Man spürt regelrecht, wie hin und hergerissen der Mann ist zwischen der Rebellion und dem Drang zum Bequemlichen. Er ist gefangen in seiner Kleidung, seinen falschen Zähnen und seiner Abhängigkeit von Auto, Handy und Vorurteilen. Im Kontrast steht die naiv wirkende Frau, die sich der Konsumgesellschaft vollkommen hingegeben hat, davon geblendet wurde und blind geworden ist. Sie würde von alleine nicht darauf kommen, über den Tellerand der Konsumgesellschaft zu schauen.
Er bringt sie an einen Ort, der wohl wie kein anderer unseren verschwenderischen Konsum präsentiert: eine Müllhalde. Man sieht Unmengen von Müll, zerrissene Werbeplakate und das parkende Auto des Mannes, verziert wie eine Diskokugel.

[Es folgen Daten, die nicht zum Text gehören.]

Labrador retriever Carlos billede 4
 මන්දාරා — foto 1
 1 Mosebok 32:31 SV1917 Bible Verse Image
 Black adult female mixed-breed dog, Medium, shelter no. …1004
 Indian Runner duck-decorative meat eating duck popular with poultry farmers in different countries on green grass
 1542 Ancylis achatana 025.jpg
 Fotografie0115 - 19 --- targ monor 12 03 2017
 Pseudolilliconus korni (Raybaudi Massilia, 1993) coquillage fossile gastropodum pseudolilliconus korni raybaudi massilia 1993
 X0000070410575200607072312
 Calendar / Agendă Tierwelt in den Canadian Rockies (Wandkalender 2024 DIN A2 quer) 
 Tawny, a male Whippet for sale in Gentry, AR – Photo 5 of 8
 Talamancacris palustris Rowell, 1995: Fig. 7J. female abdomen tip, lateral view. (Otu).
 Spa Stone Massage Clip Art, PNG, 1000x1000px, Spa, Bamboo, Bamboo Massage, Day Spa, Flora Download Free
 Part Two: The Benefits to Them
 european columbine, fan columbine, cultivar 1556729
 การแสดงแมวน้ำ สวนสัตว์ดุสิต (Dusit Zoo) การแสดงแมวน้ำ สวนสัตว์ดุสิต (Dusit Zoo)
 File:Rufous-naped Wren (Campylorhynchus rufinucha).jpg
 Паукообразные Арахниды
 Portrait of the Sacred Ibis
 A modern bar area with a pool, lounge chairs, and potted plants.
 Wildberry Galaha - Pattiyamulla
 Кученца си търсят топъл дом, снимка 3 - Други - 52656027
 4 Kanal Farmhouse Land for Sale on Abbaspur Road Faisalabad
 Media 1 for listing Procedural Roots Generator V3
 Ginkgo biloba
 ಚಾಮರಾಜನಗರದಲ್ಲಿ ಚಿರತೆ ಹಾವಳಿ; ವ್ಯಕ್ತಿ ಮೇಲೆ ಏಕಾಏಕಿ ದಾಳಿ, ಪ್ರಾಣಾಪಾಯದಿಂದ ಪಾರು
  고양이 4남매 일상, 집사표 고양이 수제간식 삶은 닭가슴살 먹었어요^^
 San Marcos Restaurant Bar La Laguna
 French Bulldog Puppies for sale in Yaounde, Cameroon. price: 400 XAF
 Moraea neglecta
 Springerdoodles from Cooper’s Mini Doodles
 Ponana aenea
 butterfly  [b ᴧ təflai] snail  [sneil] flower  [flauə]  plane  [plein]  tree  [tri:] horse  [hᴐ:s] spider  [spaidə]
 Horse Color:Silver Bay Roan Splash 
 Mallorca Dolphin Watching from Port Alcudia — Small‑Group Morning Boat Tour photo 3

Das Bühnenbild der Ausstatterin Caro Stark stellt eine Konsequenz unseres Konsumgedankens dar, vom Menschen entdeckt, benutzt, verschmutzt und danach verlassen. Nur die Ratten erfreuen sich an den Abfällen unserer Gesellschaft. Dort, am Ort des Verwesens, erfährt der Zuschauer die Folgen unseres verschwenderischen Verhaltens.
Allein die Werbeplakate von namhaften Marken zeigen, wie leicht wir uns manipulieren und in eine bestimmte Form drängen lassen. Diese Form hindert uns Menschen, besser zu erfahren, was das Leid des Mannes gut darstellt. Er trauert über sein soziales Leben, will doch nur geliebt werden und wird letztlich doch nur auf das Äußerliche beschränkt. Nichts treibt ihn an, seine verzweifelten Schreie sind Hilferufe, die in unserer Gesellschaft keiner hört. Da hilft ihm sein ach so geliebtes Auto und seine noch so teure Armbanduhr nichts. Nur das Erschießen der Ratten und seine weiblichen Eroberungen, gespeichert im Handy, scheinen ihm noch ein wenig Sinn zu geben. Überwältigt von den Emotionen schafft er es, der Frau und auch den Zuschauer eine freiere Perspektive zu ermöglichen, denn dieses Problem betrifft jeden von uns. Die falschen Zähne, das Haarteil, all das Make-Up nützt nichts, wenn man das Gegenüber nicht wirklich kennenlernt.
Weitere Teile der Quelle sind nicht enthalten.